> **Work to complete**: Exclude all pictures, and reproduce exactly the lines from the one containing "In the next" through the end of the records, with nothing else added.

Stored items
####
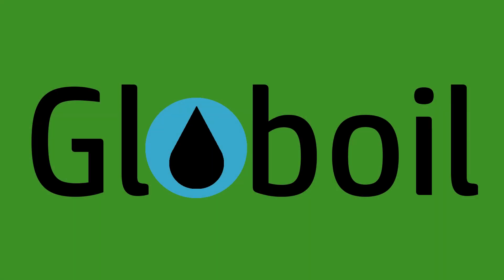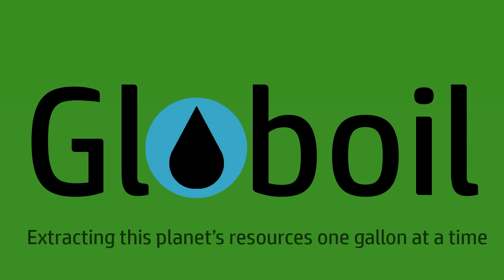This program is brought to you by Globe Oil. Extracting this planet's resources one gallon at a time.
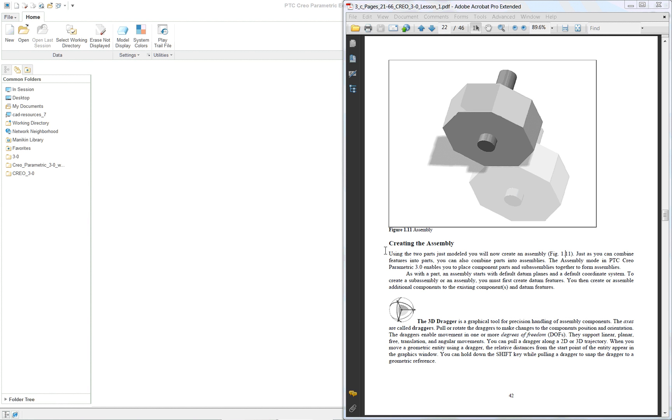PTC Creo Parametric 3.0 Lesson 1 Part 3. In the third portion of this lesson, we're going to create a simple assembly from the two parts that we've already modeled.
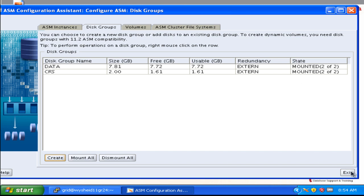In the next session, we will be going ahead with installing the Oracle RDBMS software on a RAC environment. Thank you.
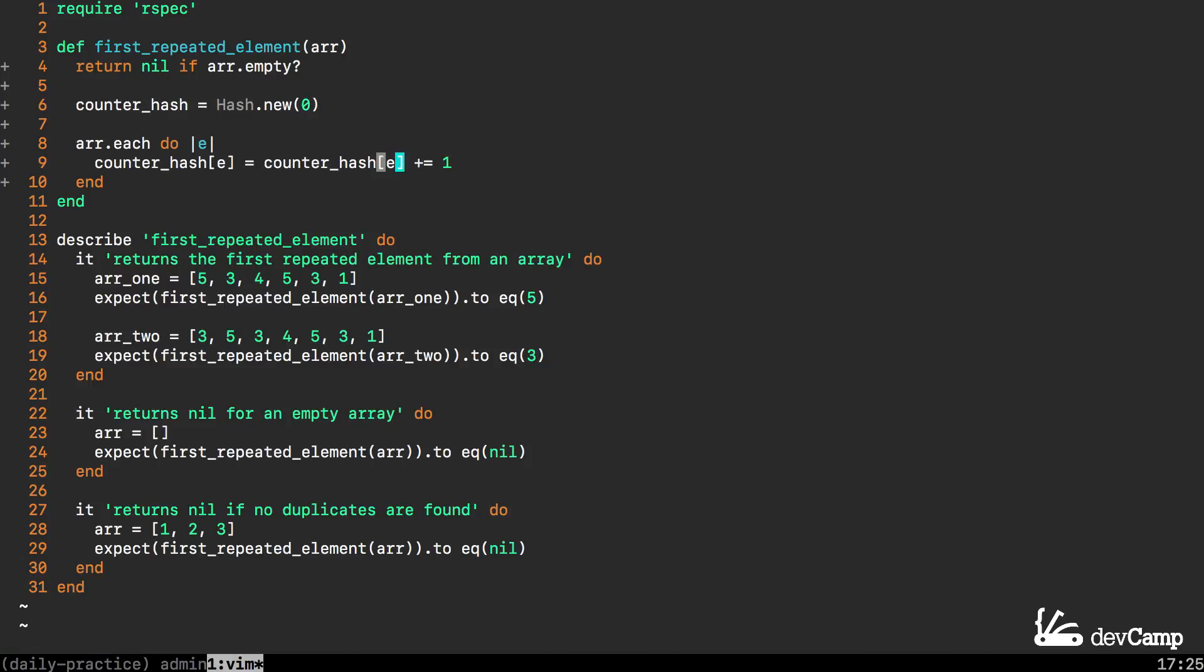When it finds a duplicate it is going to set it and then it's going to increment the counter. In this case as it goes through this array the first time it goes through it's going to set the first key to 5.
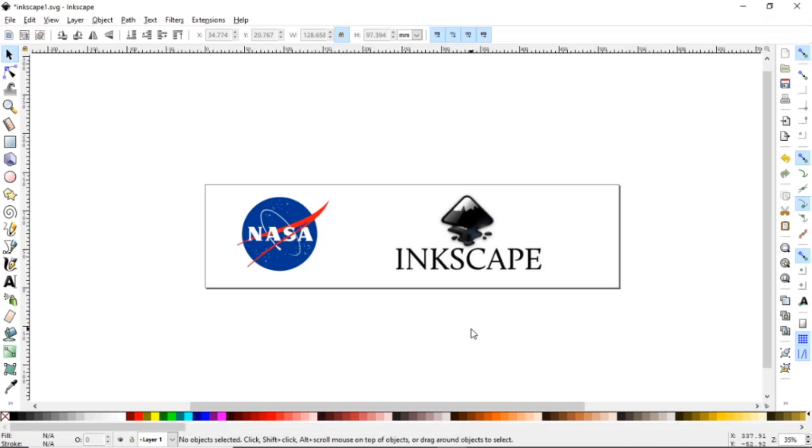Hello and welcome. Today I'm going to be showing how you turn a logo into a vector cut or a vector engrave.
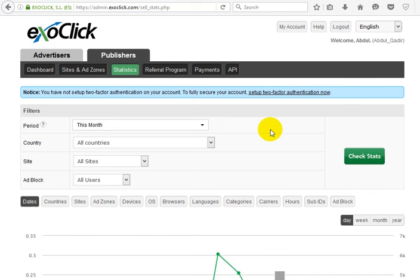Hello folks, this is an ExoClick publisher review. I decided to make this video so other people know about ExoClick. I'm in the statistics section.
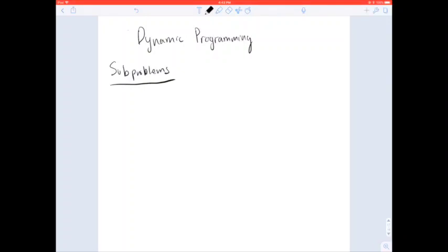Hey everyone, this video series is going to be a quick review on dynamic programming. I'm going to go over two problems from past midterms, and hopefully in doing so, you'll feel a bit more comfortable on the concepts.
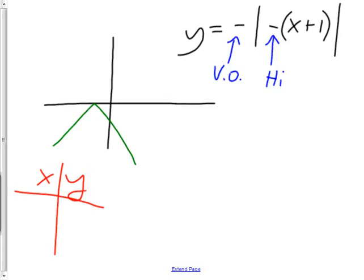At least one point — that wouldn't be hard. Stick in zero for x: zero plus one is one, negative makes it negative one, absolute value makes it positive one, negative on the outside makes it negative one. So (0, -1) — does that look like it's on this graph? Yes. To be really sure, do a couple of points. Put in negative one: negative one plus one is zero, negative zero is zero, absolute value is zero, negative of zero is still zero. So (-1, 0) — right there. Two points confirmed.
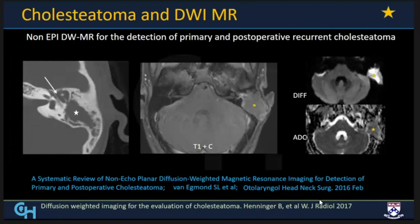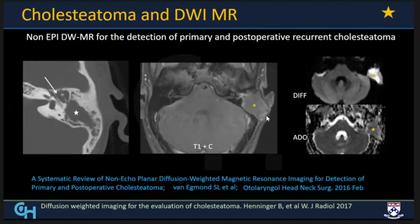Diffusion-weighted MR imaging has been increasingly utilized for detection of cholesteatomas because they demonstrate restricted diffusion. This is a very important distinguishing feature from granulation tissue, which does not restrict and typically shows enhancement. Cholesteatomas do not show enhancement and may co-exist with a small amount of surrounding granulation tissue. They will be bright on diffusion and show low signal on the ADC maps.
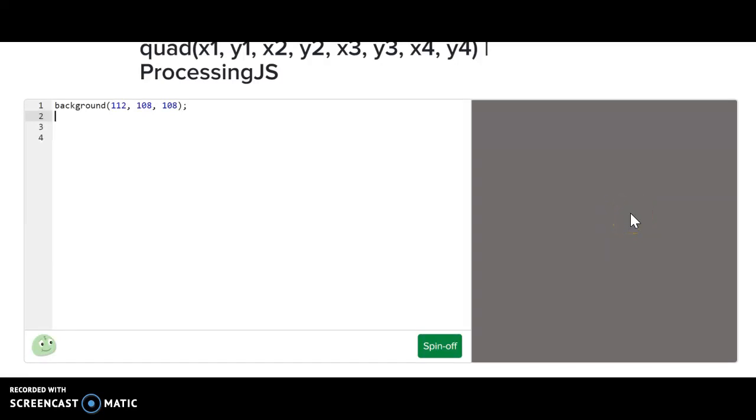Okay guys, today we're going to go over a few more shapes. The first shape we're going to practice or demonstrate is an arc.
####
> **Result of the exercise**:
In the next session, we will be going ahead with installing the Oracle RDBMS software on a RAC environment. Thank you.
When it finds a duplicate it is going to set it and then it's going to increment the counter. In this case as it goes through this array the first time it goes through it's going to set the first key to 5.
Hello and welcome. Today I'm going to be showing how you turn a logo into a vector cut or a vector engrave.
Hello folks, this is an ExoClick publisher review. I decided to make this video so other people know about ExoClick. I'm in the statistics section.
Hey everyone, this video series is going to be a quick review on dynamic programming. I'm going to go over two problems from past midterms, and hopefully in doing so, you'll feel a bit more comfortable on the concepts.
At least one point — that wouldn't be hard. Stick in zero for x: zero plus one is one, negative makes it negative one, absolute value makes it positive one, negative on the outside makes it negative one. So (0, -1) — does that look like it's on this graph? Yes. To be really sure, do a couple of points. Put in negative one: negative one plus one is zero, negative zero is zero, absolute value is zero, negative of zero is still zero. So (-1, 0) — right there. Two points confirmed.
Diffusion-weighted MR imaging has been increasingly utilized for detection of cholesteatomas because they demonstrate restricted diffusion. This is a very important distinguishing feature from granulation tissue, which does not restrict and typically shows enhancement. Cholesteatomas do not show enhancement and may co-exist with a small amount of surrounding granulation tissue. They will be bright on diffusion and show low signal on the ADC maps.
Okay guys, today we're going to go over a few more shapes. The first shape we're going to practice or demonstrate is an arc.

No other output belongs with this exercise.